## [Exercise requirements]
Output the entries as they appear, skipping images.

- Opening Delimiter -

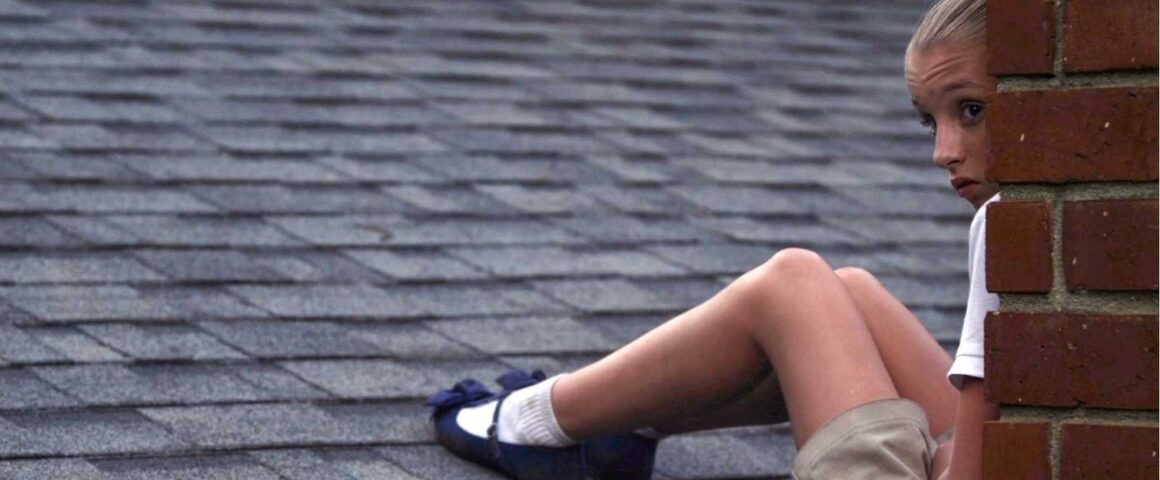 The Girl on the Roof (2014) by The Critical Movie Critics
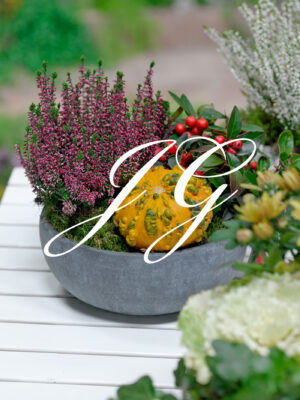 Najaars arrangement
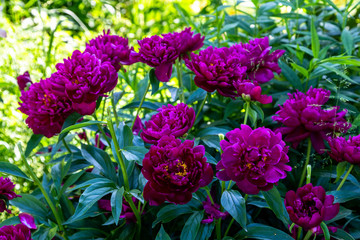 Paeonia Lactiflora Grp Peter Brand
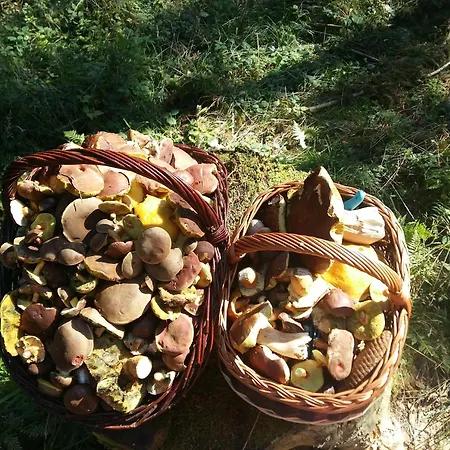 Dom W Gorach Sowich Niedzwiedzia Gawra, Michalkowa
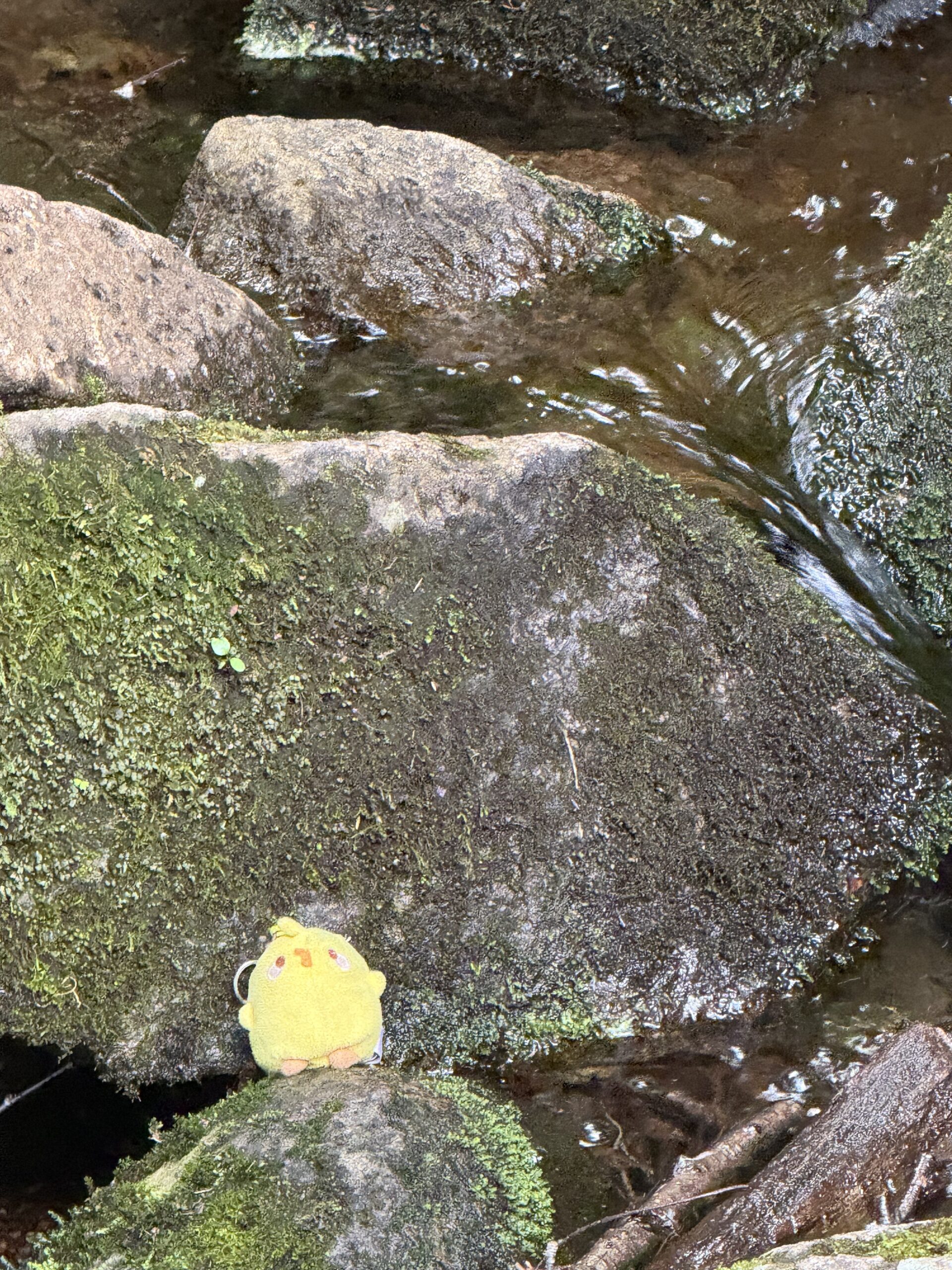Un oiseau jaune perché sur un rocher dans un ruisseau, Rivière-Éternité, Québec, Canada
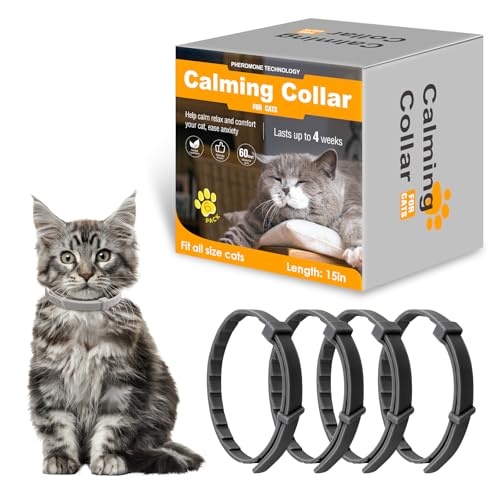 Beruhigendes Halsband für Katzen, verstellbarer Schnuller, Angstlinderung, Stress-Pheromon-Halsband, bequeme Katzenhalsbänder, langanhaltende 30-Tage-Wirkung, 4 Stück Beruhigendes Halsband für Katzen, verstellbarer Schnuller, Angstlinderung, Stress-Pheromon-Halsband, bequeme Katzenhalsbänder, langanhaltende 30-Tage-Wirkung, 4 Stück von Jerylota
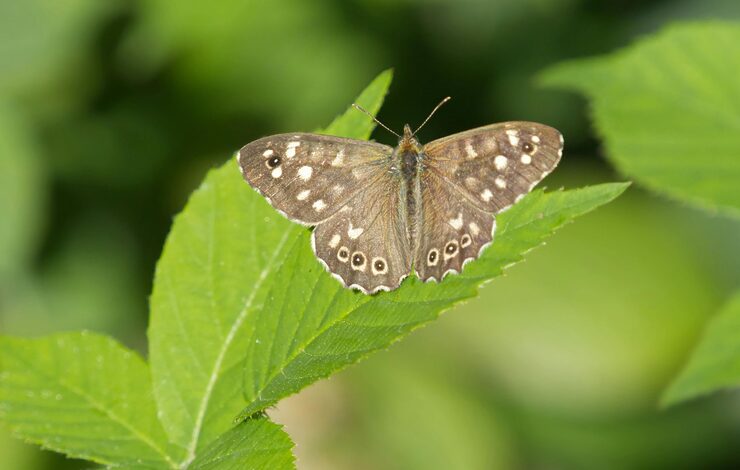 speckled wood butterfly sitting on a leaf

- Closing Delimiter -

## [Solution for this exercise]
 The Girl on the Roof (2014) by The Critical Movie Critics
 Najaars arrangement
 Paeonia Lactiflora Grp Peter Brand
 Dom W Gorach Sowich Niedzwiedzia Gawra, Michalkowa
Un oiseau jaune perché sur un rocher dans un ruisseau, Rivière-Éternité, Québec, Canada
 Beruhigendes Halsband für Katzen, verstellbarer Schnuller, Angstlinderung, Stress-Pheromon-Halsband, bequeme Katzenhalsbänder, langanhaltende 30-Tage-Wirkung, 4 Stück Beruhigendes Halsband für Katzen, verstellbarer Schnuller, Angstlinderung, Stress-Pheromon-Halsband, bequeme Katzenhalsbänder, langanhaltende 30-Tage-Wirkung, 4 Stück von Jerylota
 speckled wood butterfly sitting on a leaf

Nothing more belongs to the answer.